If you don’t manage your debt wisely, an unpaid credit card can damage your credit via late payments and collection accounts.Should your creditor take legal action, you could even end up with a civil judgment on your credit reports. Although credit card debt can do serious damage to your credit scores, it can only remain a part of your credit history for a limited period.
Credit Reporting Period
Every time a bank lends you money, whether via loans or credit cards, it takes a risk. The information on your credit report helps lenders determine whether you’re a wise risk. For this information to be accurate, however, it has to be current. People change over time, and their money management skills change along with them. The credit bureaus delete old information to ensure that each person’s credit report provides the best risk assessment possible for lenders.
Active Credit Card Accounts
Active credit card accounts are one of the few items on your credit report that do not have a predetermined reporting period. As long as your account stays open, your credit card company will report each payment you make to the credit bureaus. Although your account can remain on your credit reports indefinitely, your payment history cannot. Your credit report only reflects the last 24 months of payments for each credit card you own. That’s good news if you have a late payment or two lurking within your credit history. Keeping the credit card account open and making timely payments each month ensures that your recent payments rewrite any late payments within two years.
Defaulted Credit Card Accounts
If you stop making payments on your credit card balance, your credit card company will cancel your account after 180 days. The result is a defaulted credit card debt.
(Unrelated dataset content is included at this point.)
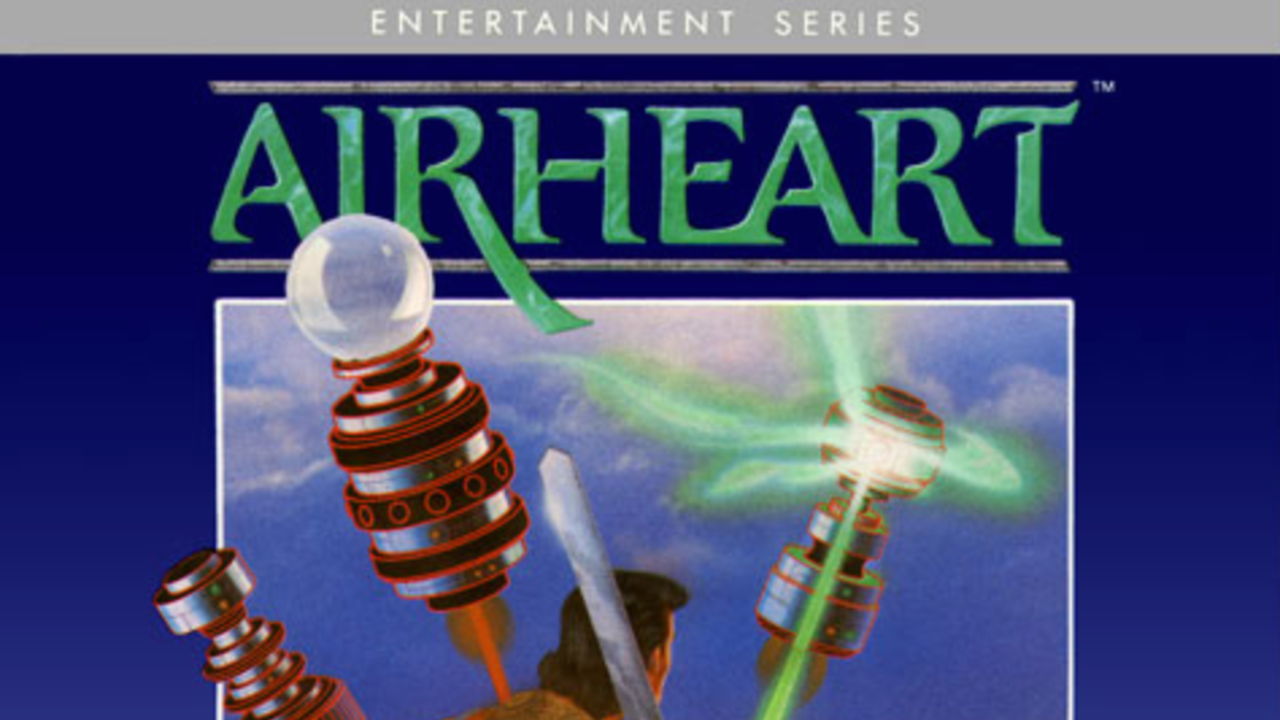 Airheart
One of the major ways a credit card default damages your credit is through the series of late payments that led up to the default. Unlike late payments on an active credit card, which are overwritten within two years, a defaulted credit card account remains static. No new payments are arriving to replace the old ones. The account remains on your credit report for seven years from the date the credit card company closed the account and reported it as in default.
Credit Card Collections
You still owe your defaulted credit card debt, along with any fees you incurred along the way, even if your credit card company closed the account. Credit card companies sell defaulted debts to third-party collectors. Contacting your credit card provider and making immediate arrangements to pay is your best chance to avoid dealing with a collection agency.
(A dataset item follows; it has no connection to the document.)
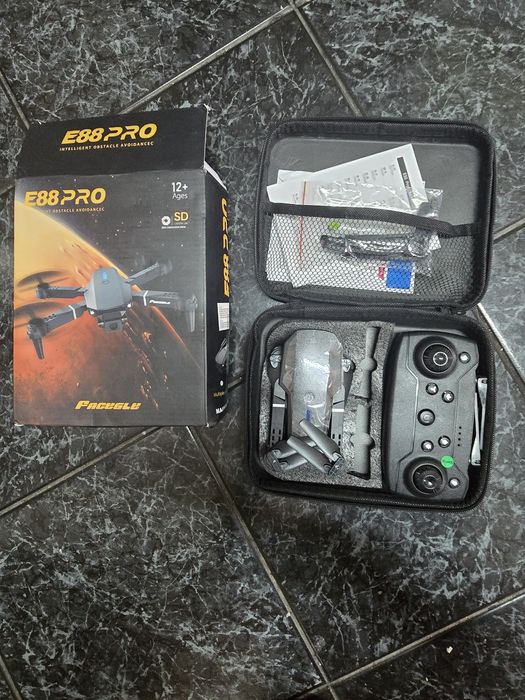 Drone FACEGLE E88 Pro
Collection agencies also report defaulted debts to the credit bureaus. A collection account on your credit report causes further damage to your scores. Worse still, the credit scoring formula does not differentiate between paid and unpaid collections.
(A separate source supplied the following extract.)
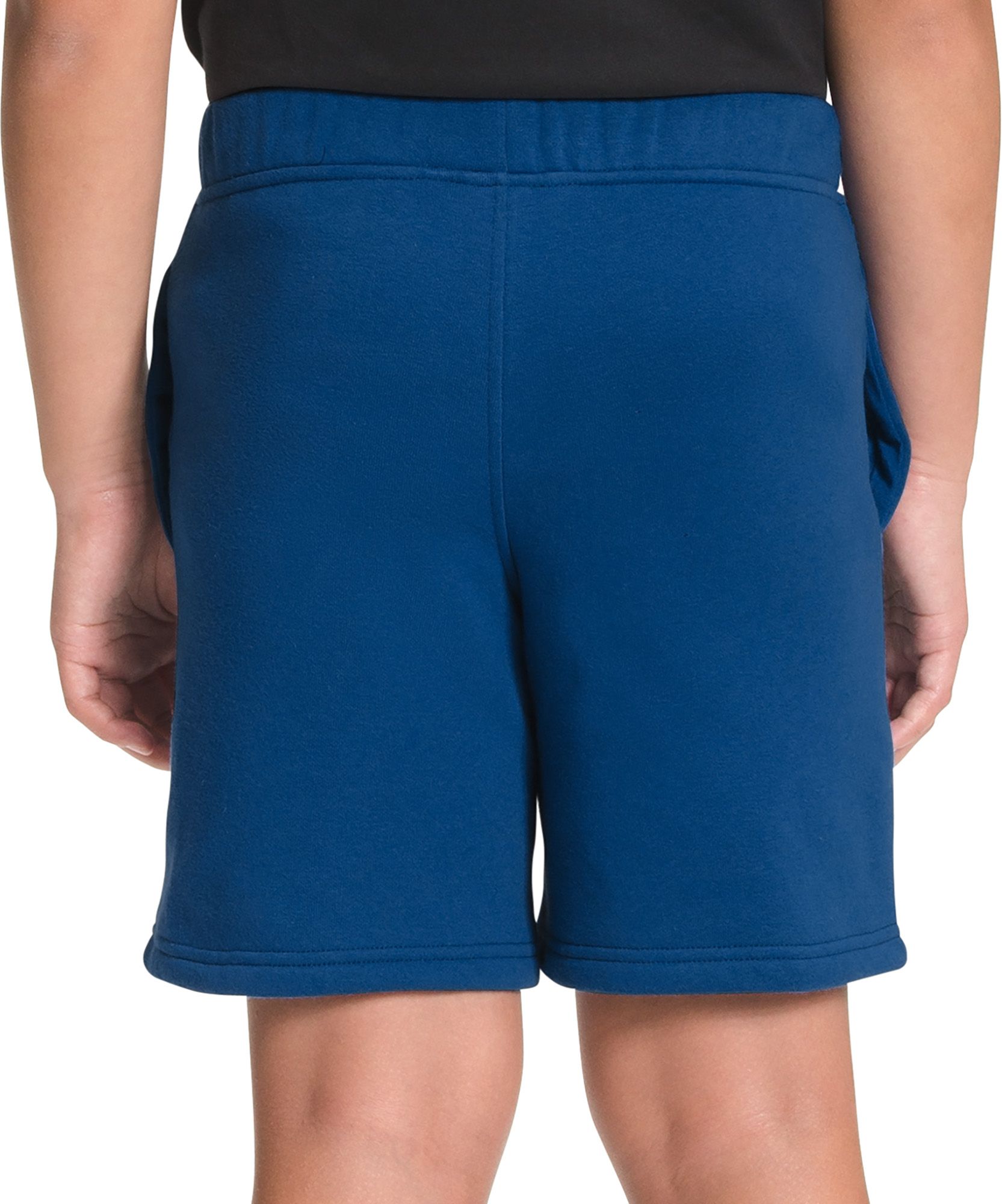 The North Face Boys' Camp Fleece Shorts product image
Paying the debt at this point doesn’t help your credit and the collection agency will not remove the negative entry afterwards. Collection accounts connected to defaulted credit cards remain on your credit report for the same seven-year period as the original debt. Once the original defaulted entry disappears, the credit bureaus must also remove the collection account associated with that debt.
If you don’t pay the credit card company and you don’t pay the collection agency, the next stop in the collection process is a lawsuit. If the collection agency wins that lawsuit, it receives a civil judgment from the court. Once in place, a judgment appears on your credit report and is not subject to the seven-year reporting period that governs collections and credit card debt.
The judgment remains on your credit report for as long as it remains valid. Each state has its own guidelines for how long judgments remain valid, but most states set this time period at ten years. If you pay the judgment during that time, the credit bureaus will remove it from your credit history when the ten-year period is up. If you do not pay it, the creditor can appeal to the court to renew the judgment for another ten years.
Defaulting on a credit card can cause serious issues for your credit for years to come. Fortunately, that doesn’t mean that your credit scores can’t recover. The older an entry is on your credit report, the less weight it carries. This gives you the ability to start rebuilding your credit long before the credit bureaus remove the negative entries associated with your defaulted credit card.